Les vers les plus prenants sont ceux écrits en cellule sur des cahiers d'écolier procurés on ne sait comment et lus à ses compagnes, une quarantaine pour un dortoir (n°3) de neuf lits... allant jusqu'à leur faire découvrir Marcel Proust, cet «autre chose qu'une littérature oisive» : Claudine Lacascade, Nelly Porro (originaire de Bône), Annie Steiner (une autre poétesse), Zhor Zerari (une autre poétesse), Louisette Ighilahriz, Jacqueline Guerroudj, Baya Hocine, Chafika Meslem, Baichi Fatma, Blanche Moine, Fatima Slimani, la maman et la grand-mère Ighilahriz, Eliette Loup, Nassima Heblal... Des catholiques libérales... Des militantes communistes... Des moudjahidate musulmanes... presque tout l'orchestre de Fadhela Dziria...
L'Auteur : Né à Alger en 1950, études de cinéma (Prague), sociologue (diplômé de l'Université d'Alger), attaché culturel à la Cinémathèque algérienne, journaliste grand reporter (Alger Républicain, El Watan, Le Soir d'Algérie dans les années 90, entre autres), réalisateur documentariste (télévision nationale dans les années 70-80), chargé de com' d'entreprise, écrivain (dont un ouvrage sur le «Pr Jean Paul Grangaud» et un autre sur «Bab El Oued») et... surtout poète (...)

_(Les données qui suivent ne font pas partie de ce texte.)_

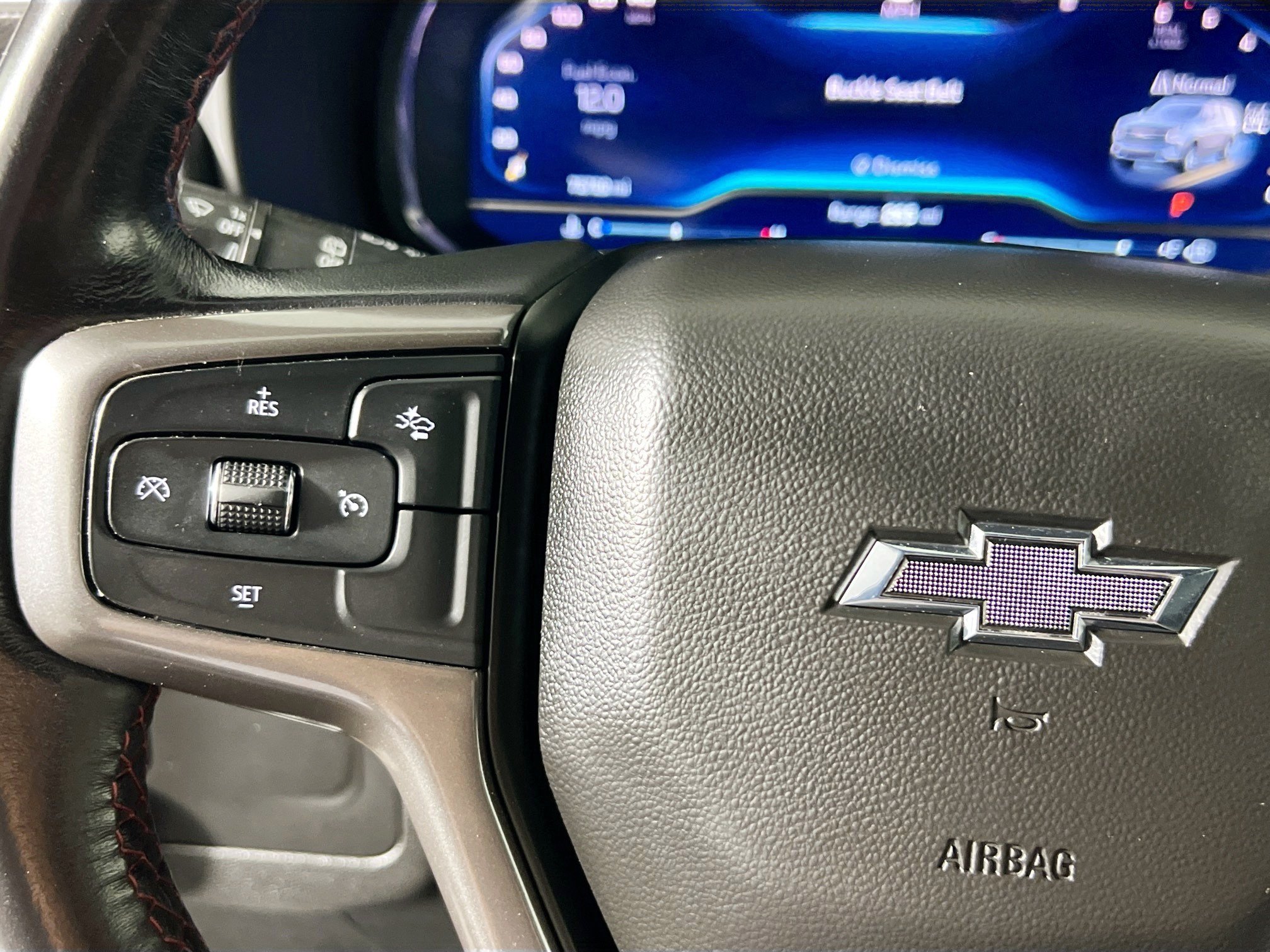 Used 2022 Chevrolet Tahoe RST AWD/4WD image 18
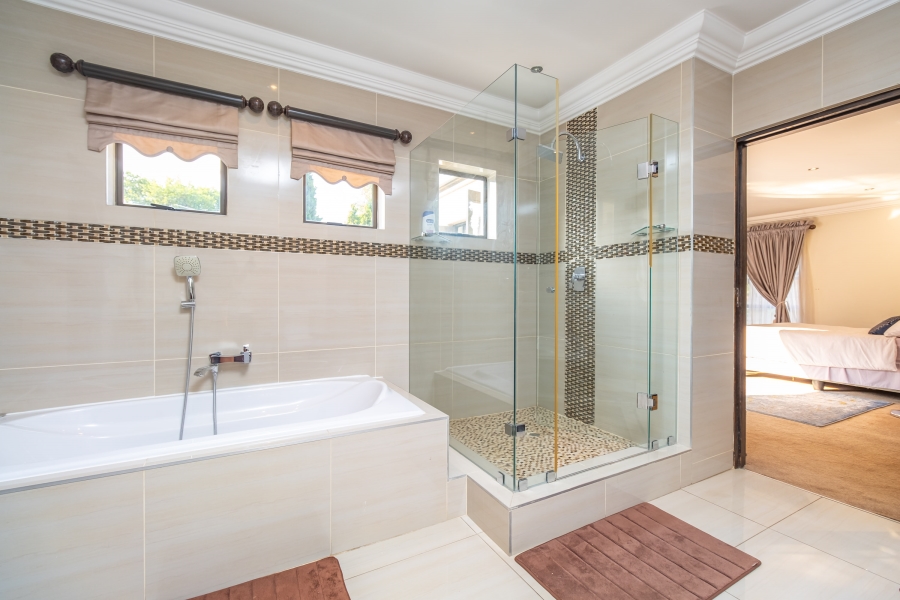 5 Bedroom Property for Sale in Broadacres Gauteng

Extraits : «Militante communiste, elle était trop riche d'orgueil et d'amour de la vie pour rester en deçà des choix politiques, nourrie aussi depuis son enfance par la terre algérienne (p 143).
Avis - «Une vie volontariste et flamboyante... une femme loyale et passionnée, maîtresse de sa parole comme de ses moyens d'expression». Non poètes et non révolutionnaires, s'abstenir.
Citation : «Les souvenirs, c'est surtout la force de l'entraide» (p 117).
(Fiche de lecture déjà publiée Extraits pour rappel. Fiche de lecture complète in www.almanach-dz.com/culture/bibliotheque dalmanach)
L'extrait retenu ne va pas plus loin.